What I Learned | Professional Practices
Terry Brennan
The San Francisco Writers Conference, which I attended last February, was a pitch fest. The conference invited agents and editors from a variety of small presses to receive pitches from attendees. One ten-minute pitch was included in the conference cost, and additional pitches were $50 each. Most attendees purchased several.
Sending query letters to agents and editors is a silent task. I’ve never received anything but a form response, so I can’t tell if my query letter is bad, if my book is bad, if I just sent it to the wrong person, or if I don’t know something important about the publishing industry. I feel like a puppy that’s being punished but I have no idea why. Without feedback, writers have no ability to improve their querying.
Pitch Fest: Live Pitches
Live pitches—even as short as ten minutes—solved that problem, because the agents were forced to explain themselves. It’s feedback writers need.
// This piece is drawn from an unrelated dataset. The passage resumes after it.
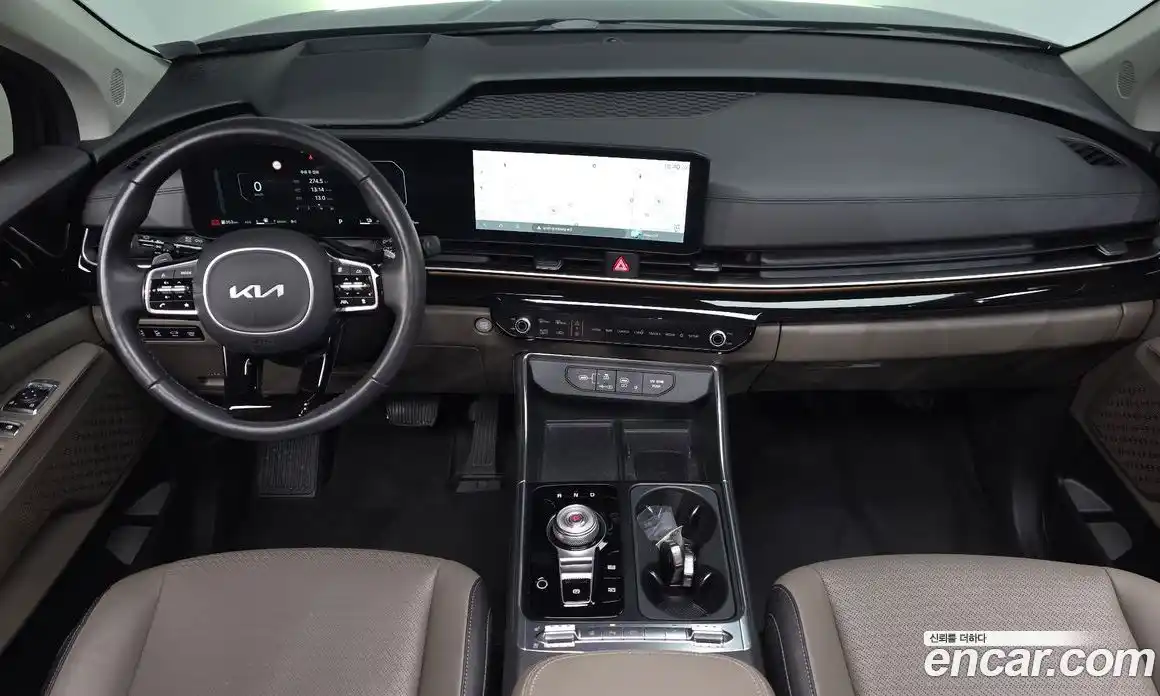 Kia Canival 2024 1.6 Автомат в Москве № 131998, фото 12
Because the conference was a pitch fest, attendees practiced pitches with each other. There’s nothing like a look of confusion or boredom to show that something’s wrong with a pitch, or occasionally, the look of concentration when a pitch is hitting.
Pitch Fest: Agent Feedback
The rest of the conference continued the theme of pitching. In one illuminating session, four agents read a query letter and raised their hands when they would have stopped reading the pitch. Few agents got all the way to the end of the letter. Sometimes the pitch intrigued them, and they went to the attached sample; more frequently, it was because the pitch wasn’t clear enough or the story idea was old. Agents had different reactions to pitches, but they were in agreement most of the time. So there really is a method behind the madness.
In another good session, twenty agents answered audience questions from the stage. My takeaway was that the agents love stories and want to hear new and interesting ones. They actually read query letters. One agent said that 90% of their authors come through queries; another noted that Colson Whitehead was discovered through a blind query.
I left with a better sense of the people in the publishing industry, something far beyond knowledge of the submission process. Querying is where agents and editors quickly size up a project and determine if it could be profitable and if it’s for them.
My scorecard was mixed. I pitched a novel to one agent who asked me to send him sample pages. when I did, he rejected them, but I think I understood why. I pitched a nonfiction book, and both an agent and an editor said that it was unpublishable. At least I had answers, not resounding silence.
The next San Francisco Writers Conference is February 6 to 9, 2025.
Well done! It's like you're in the corner of the boxing ring, giving us instructions for the next round. Because if you are out there submitting, you have at least one black eye. Thank you Terry. Let the fight continue.
Oh, the query letter! Thanks for sharing your experience at the (pitch fest) conference.